▶ [Task prompt]: Of the records that follow, copy only the lines from the line containing "Morning dove perched" to the line containing "DOBERMAN PINSCHER STUD", both included, exactly as written.

▶ [Material shown]:
○ ○ ○ ○
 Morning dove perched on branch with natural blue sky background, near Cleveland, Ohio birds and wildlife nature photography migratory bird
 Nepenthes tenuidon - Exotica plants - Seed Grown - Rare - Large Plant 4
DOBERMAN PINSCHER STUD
○ ○ ○ ○
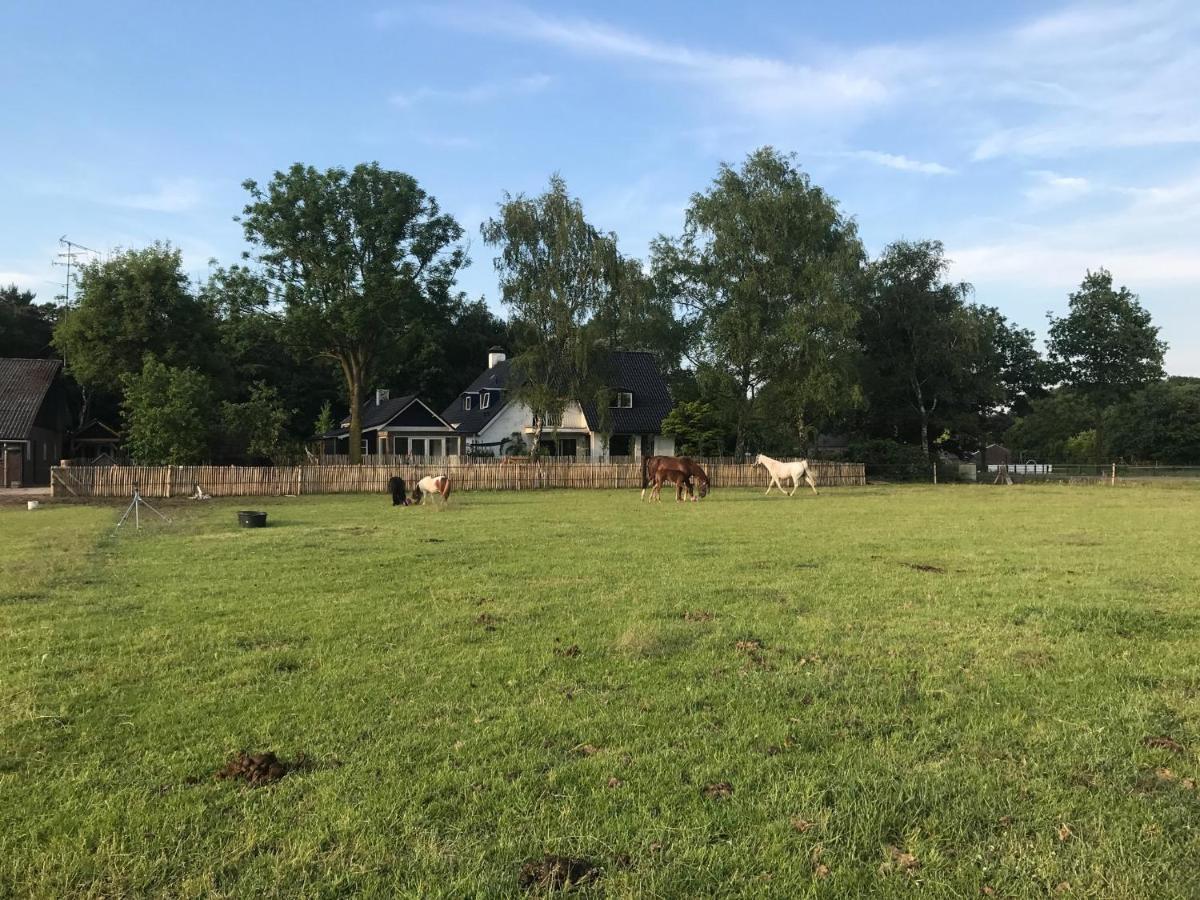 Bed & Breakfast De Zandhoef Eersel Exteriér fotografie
○ ○ ○ ○
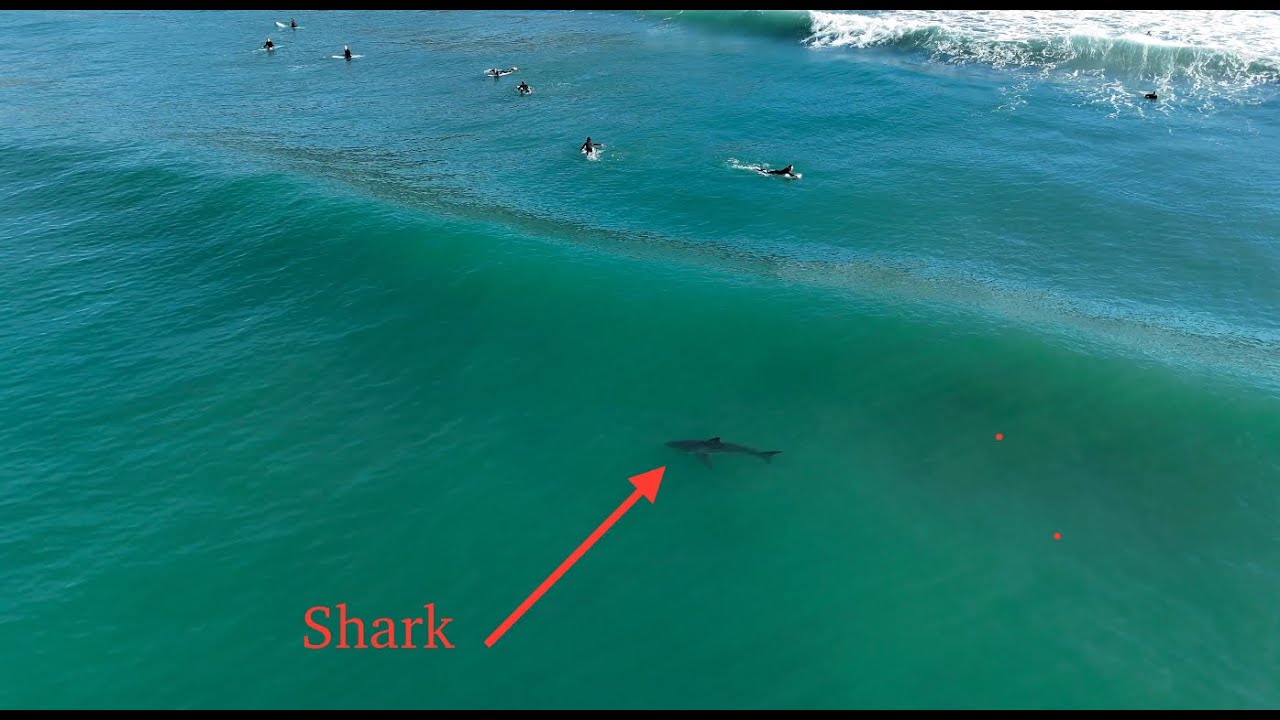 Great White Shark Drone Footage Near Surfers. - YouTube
○ ○ ○ ○
▶ [Response]:
 Morning dove perched on branch with natural blue sky background, near Cleveland, Ohio birds and wildlife nature photography migratory bird
 Nepenthes tenuidon - Exotica plants - Seed Grown - Rare - Large Plant 4
DOBERMAN PINSCHER STUD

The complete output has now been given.